「ノーベル委員長がボブ・ディランを批判」という誤報

ノーベル委員長ペール・ベストベリィ(Per Wästberg)氏が、ボブ・ディラン氏について「無礼で傲慢だ」と批判した・・・と報じられた。
ノーベル文学賞に選ばれたボブ・ディラン氏が沈黙を続けている(2016,10,23現在)ことについて、スウェーデン公共放送STVのインタビューに答えたものだ。

これがどうも誤報らしい。
しかも2段階の誤りらしい。

 

日経新聞は一番「深い」誤報である。
ディラン氏は「無礼で傲慢」 ノーベル賞選考関係者 :日本経済新聞

> スウェーデン公共放送SVTのインタビューで「無礼かつ傲慢だ」と強く批判した


朝日新聞ではこう変わる。
「ボブ・ディラン氏は無礼で傲慢」ノーベル委員長が苦言:朝日新聞デジタル

> 「無礼で傲慢(ごうまん)だ。でもそれが彼ってものだ」と苦言を呈した。
「でもそれが彼ってものだ」と庇ってるので、批判のトーンはぐっと下がる。

原文はどうか?
英語メディアに当たってみよう。

GUARDIAN:
Bob Dylan criticised as 'impolite and arrogant' by Nobel academy member | Music | The Guardian

> “It’s impolite and arrogant,” said the academy member, (略)
日経と大差なく「無礼で傲慢だ」しか書いてない。
(二重引用符内の末尾が「,」で終わってるが続きはない)

NEW YORK POST:

> “One can say that it is impolite and arrogant. He is who he is.”
「無礼で傲慢だと言われるかもしれない。彼は彼である。」
まるで意味が変わってくる。
人々が批判することを牽制しているニュアンスである。

もちろん、「第三者の意見の形を借りた自分の意見だ」と深読みすることも可能だが、それは憶測にすぎず、文意ではない。
「彼は彼」の部分もニュアンスが掴みづらく、朝日新聞のように「でもそれが彼ってものだ」と訳すと庇ってる印象が強くなるが、「しょせんそういう奴さ」と突き放した訳も可能だ。

ところで原文は英語ではない。
スウェーデン公共放送STVのインタビューということは、原文はスウェーデン語であろう。

そのSTVのサイトがあった。

Dylan-raderade Nobelinfo: Oartigt och arrogant | SVT Nyheter

> Vad tänker du om att han inte säger något?
> – Nä, vad ska man tänka?

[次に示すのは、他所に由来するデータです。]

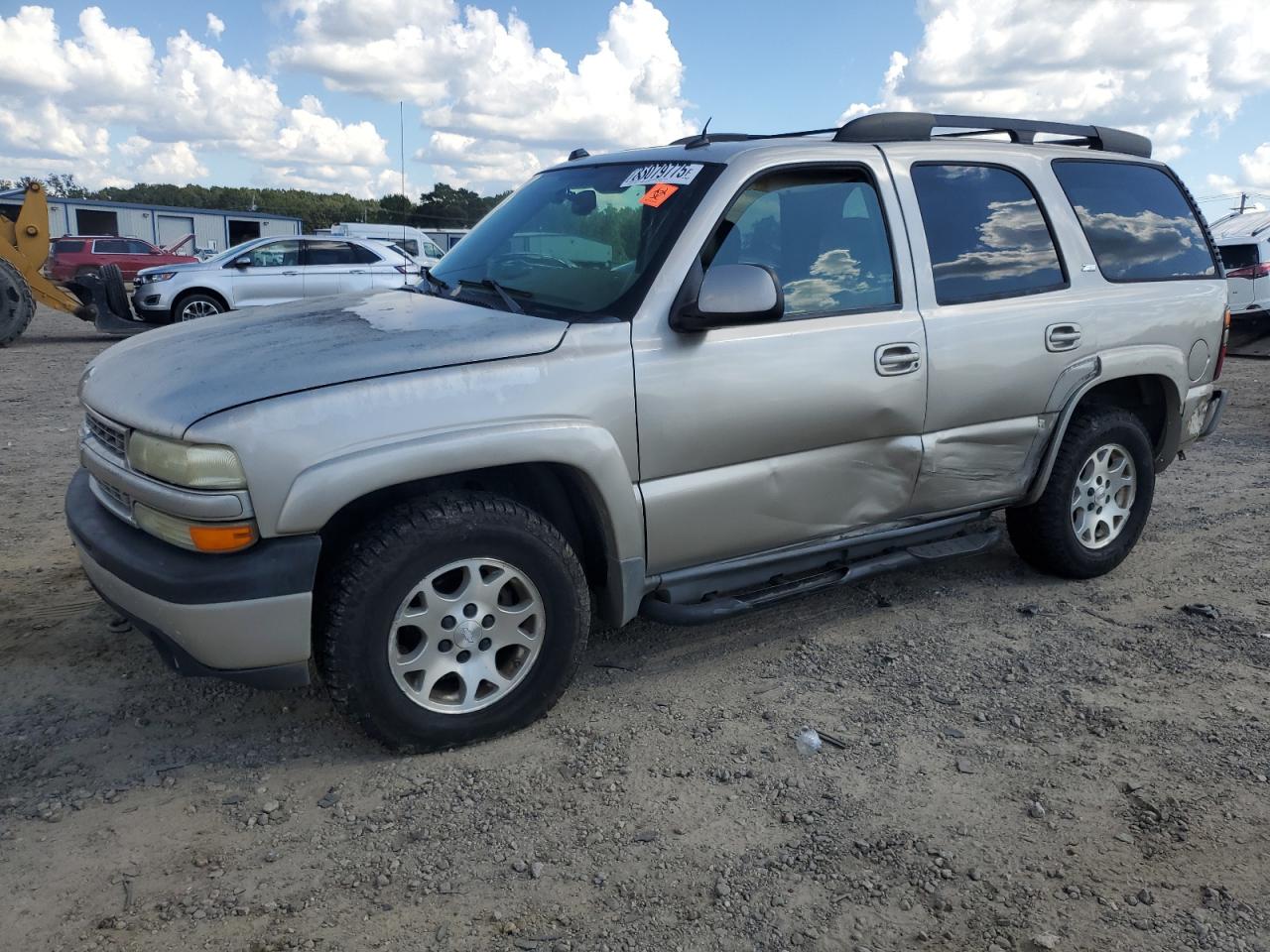 Lot #3278704619 2005 CHEVROLET TAHOE K150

Man kan ju säga att det är oartigt och arrogant. Han är den han är.

ふんふん、なるほど。さっぱり分からない。
しかし
"Man kan ju säga att det är oartigt och arrogant. Han är den han är." が
"One can say that it is impolite and arrogant. He is who he is." と同じであることは何となく分かる。
NEW YORK POSTの記事は信頼してよさそうだ。

まとめると、
第一段階の誤り:第三者の意見の推測として述べた「無礼で傲慢」が、本人の意見にすり替えられた。
第二段階の誤り:「彼は彼」の部分が削除されて、庇ってるニュアンスがなくなった。

ちなみに、
「誤訳だ!」
「これだから日本のマスゴミは!」
と反応してる人もいるようだが、誤報してるのは日本のメディアだけではないことは、上記GUARDIANの記事を見れば分かる。